I have a large pandas DataFrame (160k records, 60 columns of mostly text) but for this example, I have the following DataFrame:
df1 = pd.DataFrame([{"GROUP": "A", "COL2": "1", "COL3": "P"},
{"GROUP": "A", "COL2": "2", "COL3": "Q"},
{"GROUP": "A", "COL2": "3", "COL3": "R"},
{"GROUP": "B", "COL2": "4", "COL3": "S"},
{"GROUP": "B", "COL2": "5", "COL3": "T"},
{"GROUP": "B", "COL2": "6", "COL3": "U"},
{"GROUP": "B", "COL2": "7", "COL3": "V"}])
I am trying to create another column that reverses the order of COL2 but only within groups of A and B...so I would expect from top to bottom, the values to be 3,2,1,7,6,5,4. This is achieved with this line of code:
df1['REVERSED_COL'] = df1.groupby("GROUP")["COL2"].transform(lambda x: x[::-1])
This line of code worked when I was using Python 3.11.7. However, I recently upgraded to 3.12.3 (and all other modules including pandas to 2.2.1) and removed 3.11.7 interpreter from my machine so I can't go back and test it again.
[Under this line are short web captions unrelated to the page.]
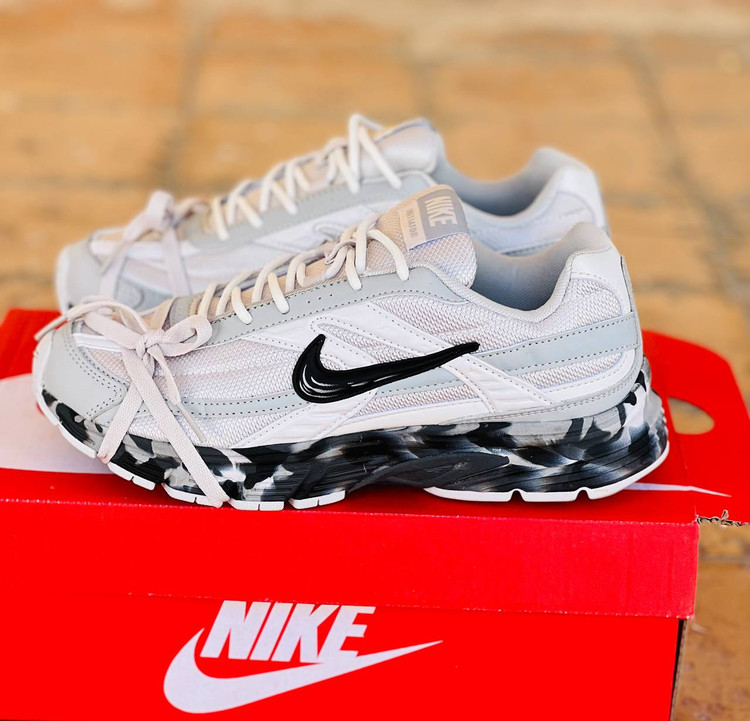 کتونی نایک انیتیتاتور Nike Initiator /سایز 40تا ۴۵/ ساخت ویتنام / فروش عمده و تک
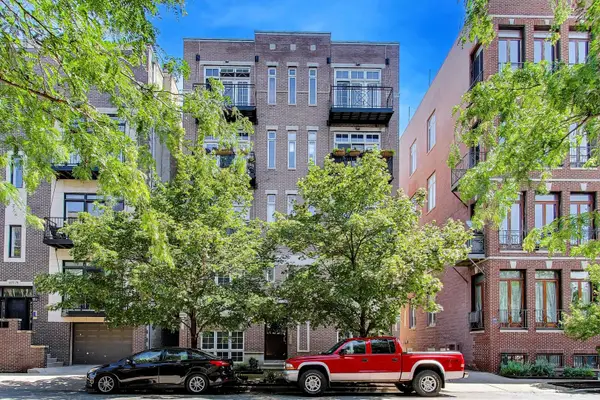 1875 N Winnebago Avenue #4W, Chicago, IL 60647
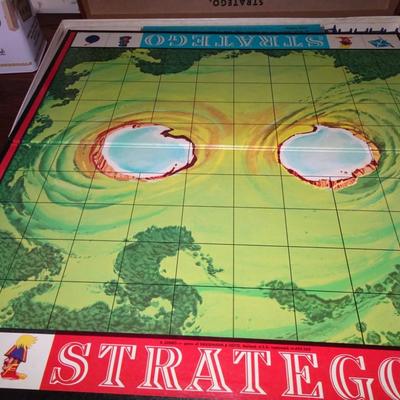 LOT 229. VINTAGE STRATEGO BOARD GAME AND BLOCK GAME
I also have another machine using Python 3.7.4 where the same line of code still works as expected.
I tried using the x[::-1] on a list, and that reversed them as expected: This code:
x = [1,2,3,4,5,6,7,8,9]
print(x)
y = x[::-1]
print(y)
Results in:
[1, 2, 3, 4, 5, 6, 7, 8, 9]
[9, 8, 7, 6, 5, 4, 3, 2, 1]
My question is, am I doing something wrong? Is there a different way I can do this? I checked the pandas and python documentation on Python changes and pandas 2.2.1 changes (respectively) but I couldn't find anything relevant enough.
Because the output of transform
is aligned back to the original index when it is a Series, which in your case reverts it back to its original order.
To avoid this you must convert to array/list (with values
/array
/to_numpy
):
df1['REVERSED_COL'] = (df1.groupby("GROUP")["COL2"]
.transform(lambda x: x[::-1].array)
)
Output:
GROUP COL2 COL3 REVERSED_COL
0 A 1 P 3
1 A 2 Q 2
2 A 3 R 1
3 B 4 S 7
4 B 5 T 6
5 B 6 U 5
6 B 7 V 4